Differences between torch.nn.TransformerDecoder and mindspore.nn.TransformerDecoder
torch.nn.TransformerDecoder
class torch.nn.TransformerDecoder(
decoder_layer,
num_layers,
norm=None
)(tgt, memory, tgt_mask=None, memory_mask=None, tgt_key_padding_mask=None, memory_key_padding_mask=None)
For more information, see torch.nn.TransformerDecoder.
mindspore.nn.TransformerDecoder
class mindspore.nn.TransformerDecoder(
decoder_layer,
num_layers,
norm=None
)(tgt, memory, tgt_mask=None, memory_mask=None, tgt_key_padding_mask=None, memory_key_padding_mask=None)

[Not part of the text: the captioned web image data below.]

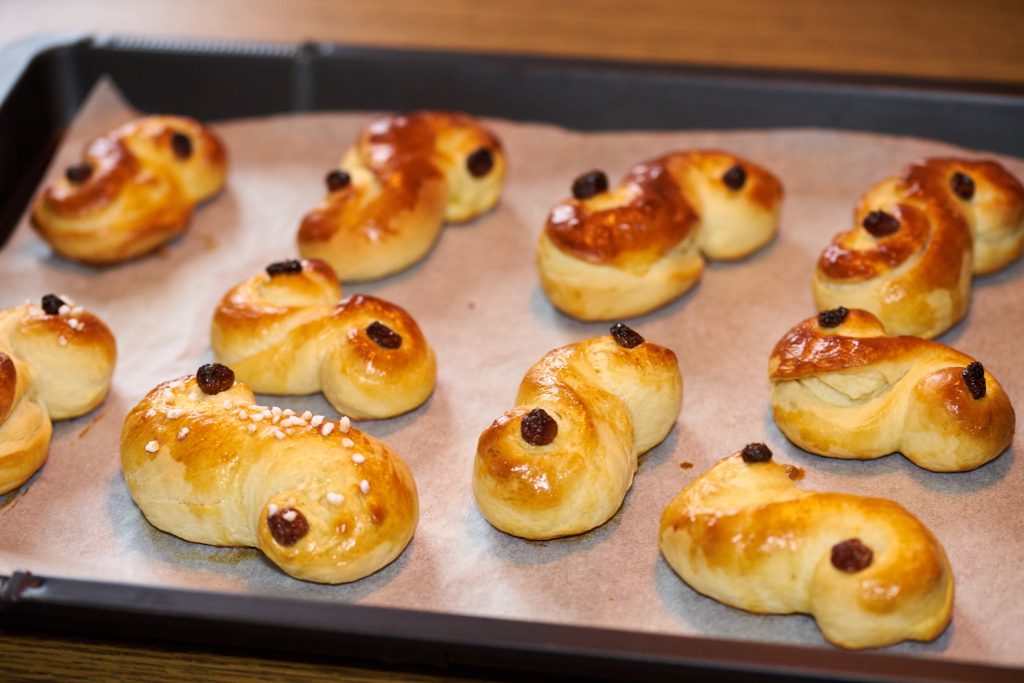 Die fertigen Lussekatter.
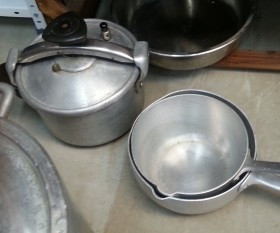 Cacharros de cocina para decorados. Alquiler o venta. Multitud de antiguos objetos de cocina rústica.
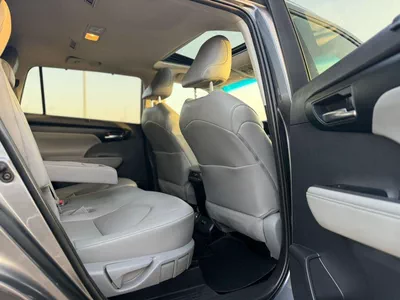 Toyota Highlander  2020 Toyota Highlander Full Option 3.5L V6 - SunRoof - Full Radar System - 7 Seater - Push Start-18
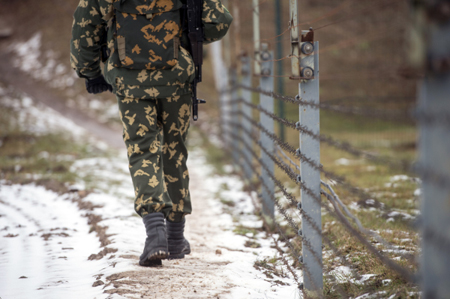 Пограничники в Крыму предотвратили попытку перемещения патронов через границу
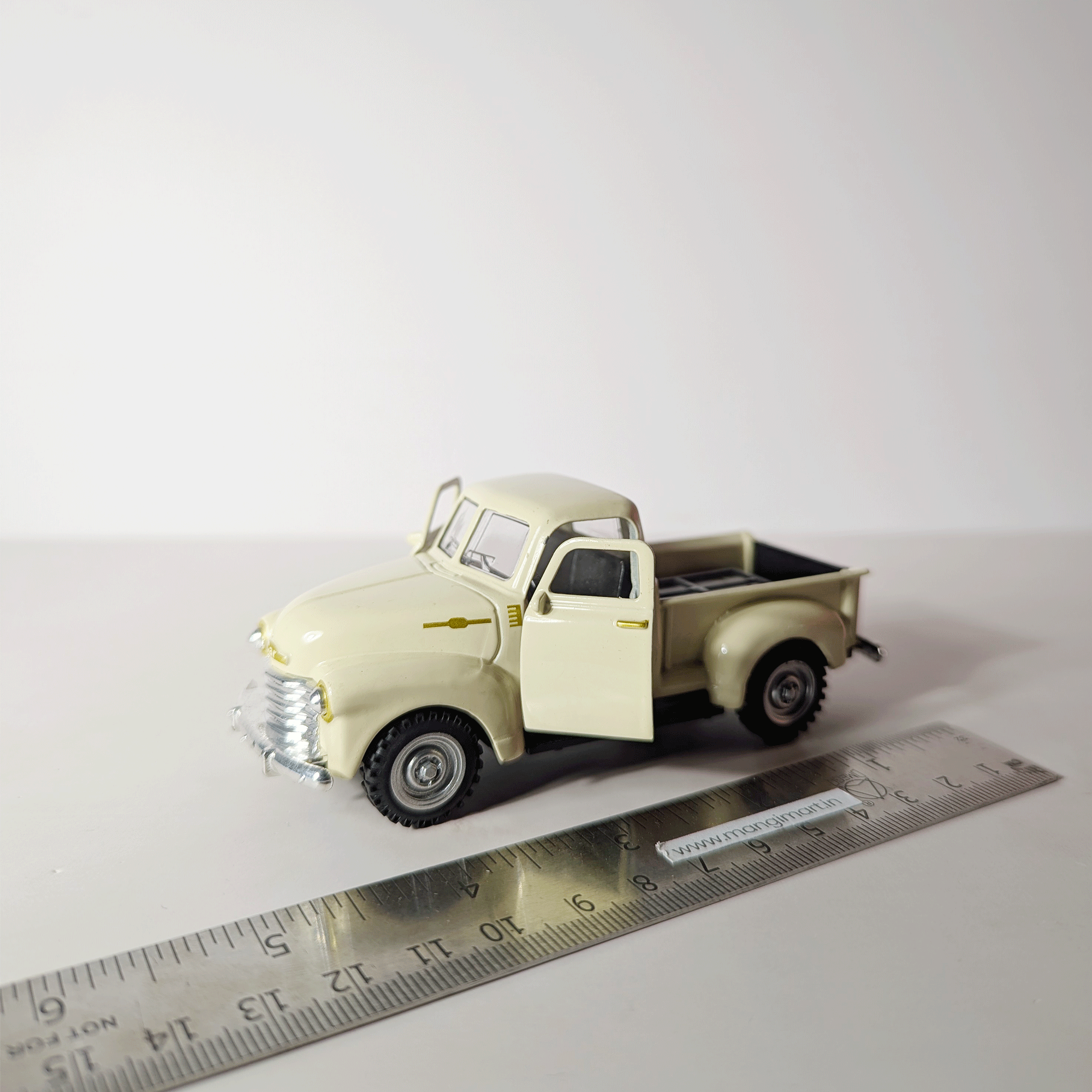 1:43Classic Retro Pickup Cream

For more information, see mindspore.nn.TransformerDecoder.
Differences
The code implementation and parameter update logic of mindspore.nn.TransformerDecoder
optimizer is mostly the same with torch.nn.TransformerDecoder
.
Categories |
Subcategories |
PyTorch |
MindSpore |
Difference |
---|---|---|---|---|
Parameters |
Parameter 1 |
decoder_layer |
decoder_layer |
Consistent function |
Parameter 2 |
num_layers |
num_layers |
Consistent function |
|
Parameter 3 |
norm |
norm |
Consistent function |
|
Input |
Input 1 |
tgt |
tgt |
Consistent function |
Input 2 |
memory |
memory |
Consistent function |
|
Input 3 |
tgt_mask |
tgt_mask |
In MindSpore, dtype can be set as float or bool Tensor; in Pytorch dtype can be set as float, byte or bool Tensor. |
|
Input 4 |
memory_mask |
memory_mask |
In MindSpore, dtype can be set as float or bool Tensor; in Pytorch dtype can be set as float, byte or bool Tensor. |
|
Input 5 |
tgt_key_padding_mask |
tgt_key_padding_mask |
In MindSpore, dtype can be set as float or bool Tensor; in Pytorch dtype can be set as byte or bool Tensor. |
|
Input 6 |
memory_key_padding_mask |
memory_key_padding_mask |
In MindSpore, dtype can be set as float or bool Tensor; in Pytorch dtype can be set as byte or bool Tensor. |
Code Example
# PyTorch
import torch
from torch import nn
decoder_layer = nn.TransformerDecoderLayer(d_model=512, nhead=8)
transformer_decoder = nn.TransformerDecoder(decoder_layer, num_layers=6)
memory = torch.rand(10, 32, 512)
tgt = torch.rand(20, 32, 512)
out = transformer_decoder(tgt, memory)
print(out.shape)
#torch.Size([20, 32, 512])
# MindSpore
import mindspore as ms
import numpy as np
decoder_layer = ms.nn.TransformerDecoderLayer(d_model=512, nhead=8)
transformer_decoder = ms.nn.TransformerDecoder(decoder_layer, num_layers=6)
memory = ms.Tensor(np.random.rand(10, 32, 512), ms.float32)
tgt = ms.Tensor(np.random.rand(20, 32, 512), ms.float32)
out = transformer_decoder(tgt, memory)
print(out.shape)
#(20, 32, 512)